Produce the lines from the one containing "Olu.(オルドット)の「ラ" through the end of the material exactly as they appear, both ends included, and leave the pictures out.
------------------------------
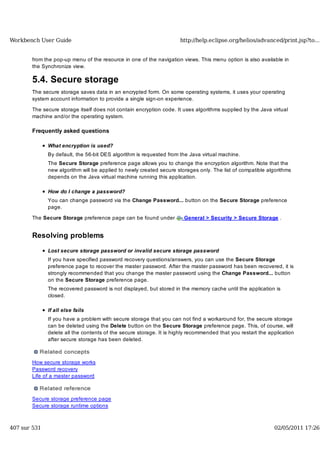 Workbench user guide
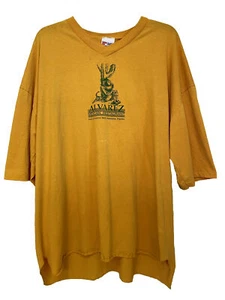 Vintage Eagle USA Graphic T-shirt Alvarez Mexican Restaurant Mens 3XL Long Tail - Picture 1 of 3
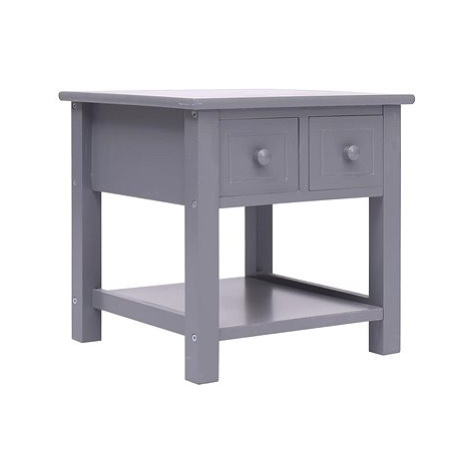 Odkládací stolek šedý 40 × 40 × 40 cm dřevo pavlovnie SHUMEE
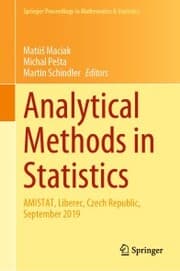 Cover von Analytical Methods in Statistics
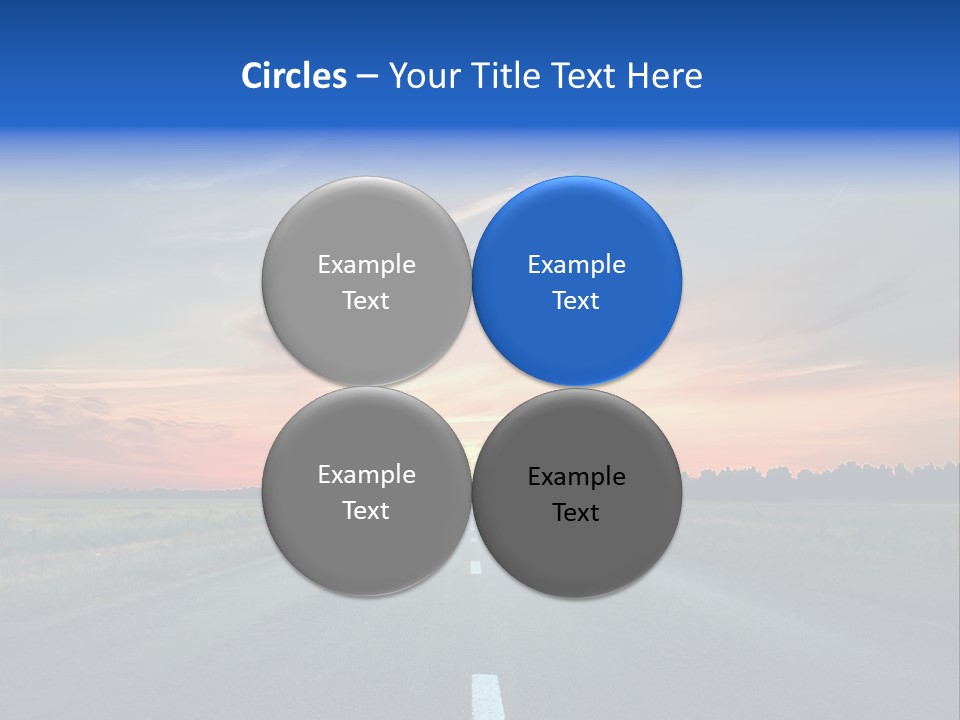 Sun Landscape Nowhere PowerPoint Template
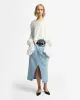 Silk Blend Ariel Shirt in White sold by 7 For All Mankind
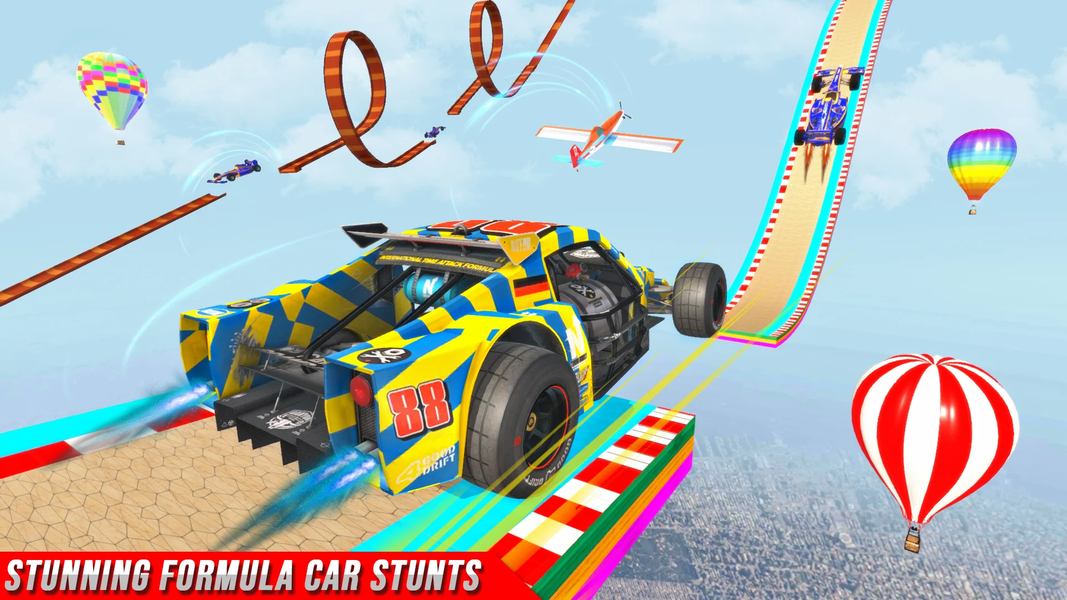 Multi Robot Formula Car flying - Gameplay image of android game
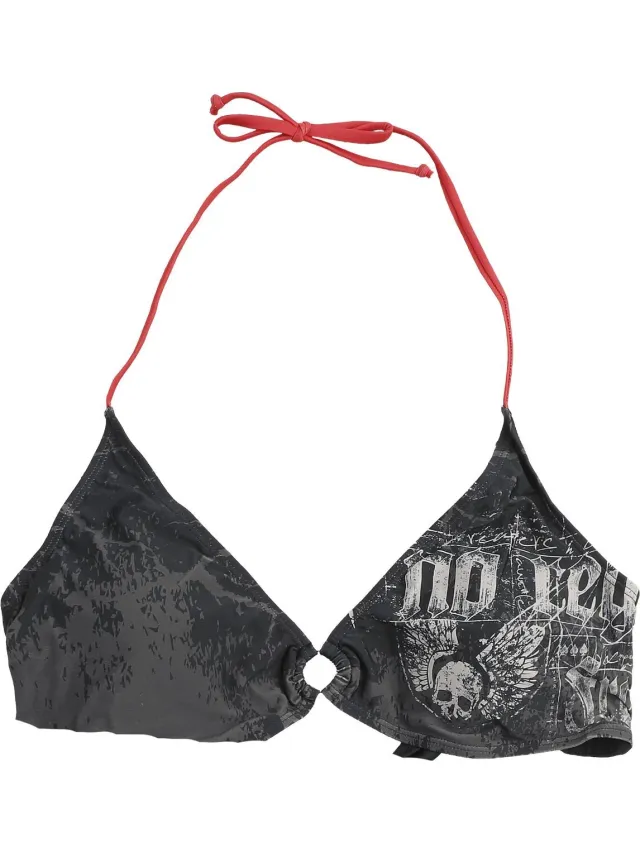 Rock Rebel by EMP Zwarte bikinitop met schedelprint - Dames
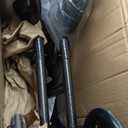 Drive Medical TR39E-SV Lightweight Folding Transport Wheelchair with Swing-Away Footrest, Silver (Pack of 1)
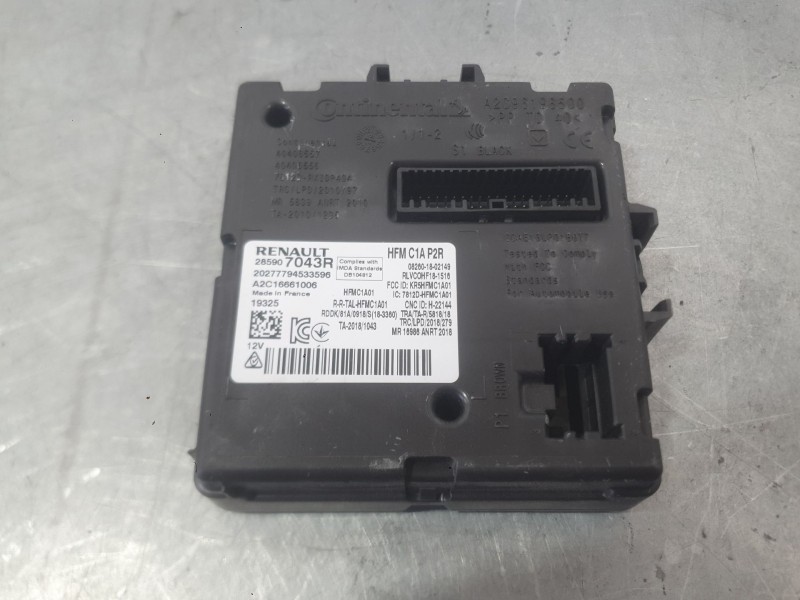 Recambio de modulo electronico para renault captur ii (hf_) tce 100 (hfmt) referencia OEM IAM 285907043R  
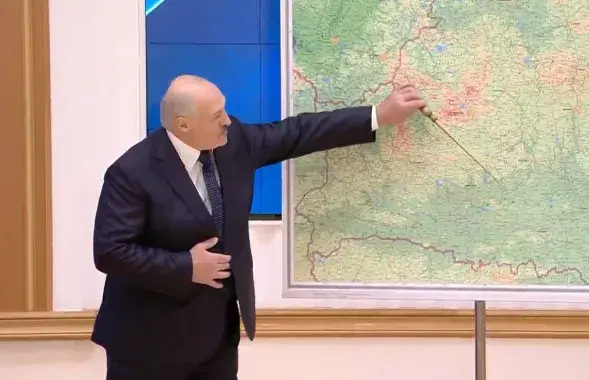 Аляксандр Лукашэнка: адкуль рыхтаваўся напад... / Скрыншот з відэа АНТ
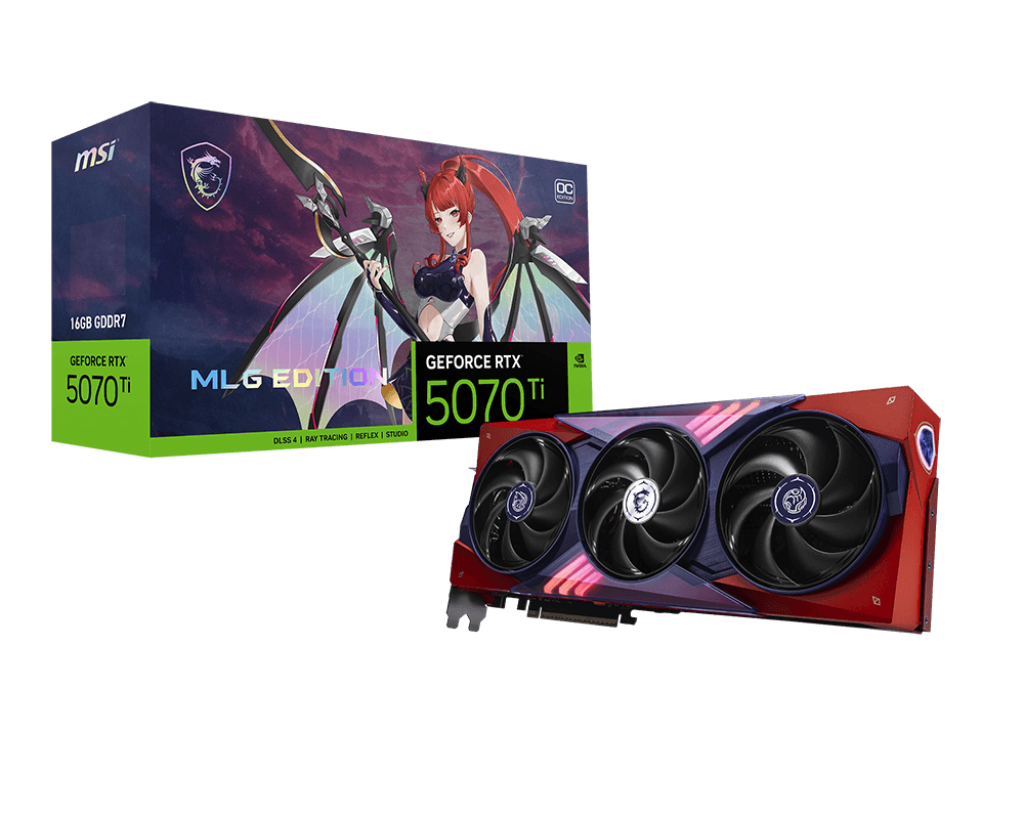 MSI GeForce RTX 5070 Ti 16G MLG EDITION OC Graphics Cards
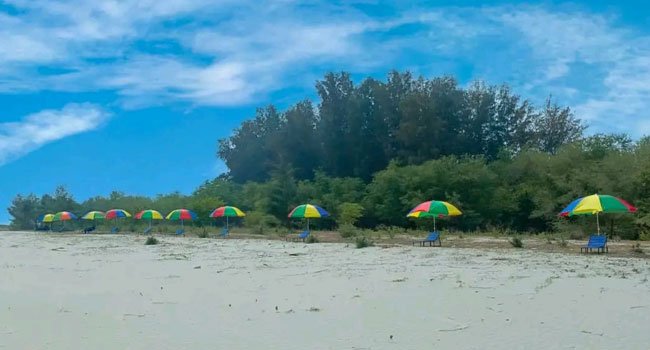 প্রকৃতির অপরূপ সাজে সেজেছে রাঙ্গাবালীর ‘হেয়ার আইল্যান্ড’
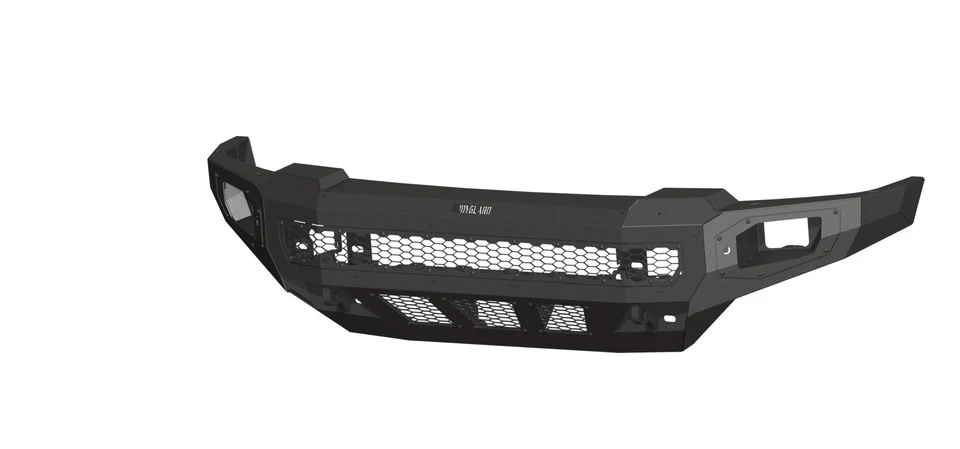 Freedom Front Bumper Base For 2023-2026 Ford F250/F350 Superduty Non-winch Sensor Cutouts Texture Black Powdercoat Bodyguard Bumpers - NAF23BYTNN - Bodyguard Bumpers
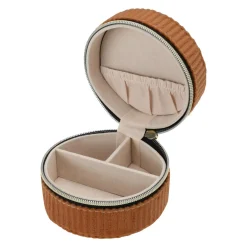 Pudełko na biżuterię jasnobrązowe 8x8x5,5 cm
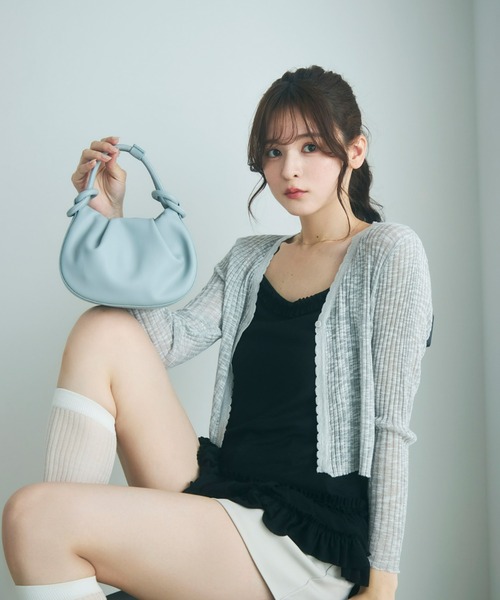 Olu.(オルドット)の「ラウンドコンパクトハンドバッグ(ハンドバッグ・レディース・アイボリー/ブラック/グレイッシュベージュ/シルバー/ブルー系その他・FREE)」の9枚目の写真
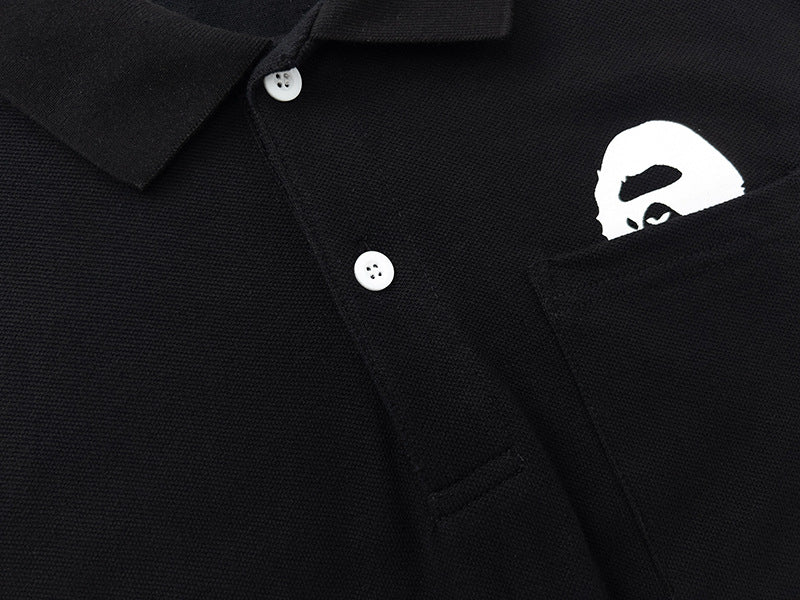 BAPE A BATHING Ape Head Logo Polo T-Shirt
------------------------------
Exercise result:
 Olu.(オルドット)の「ラウンドコンパクトハンドバッグ(ハンドバッグ・レディース・アイボリー/ブラック/グレイッシュベージュ/シルバー/ブルー系その他・FREE)」の9枚目の写真
 BAPE A BATHING Ape Head Logo Polo T-Shirt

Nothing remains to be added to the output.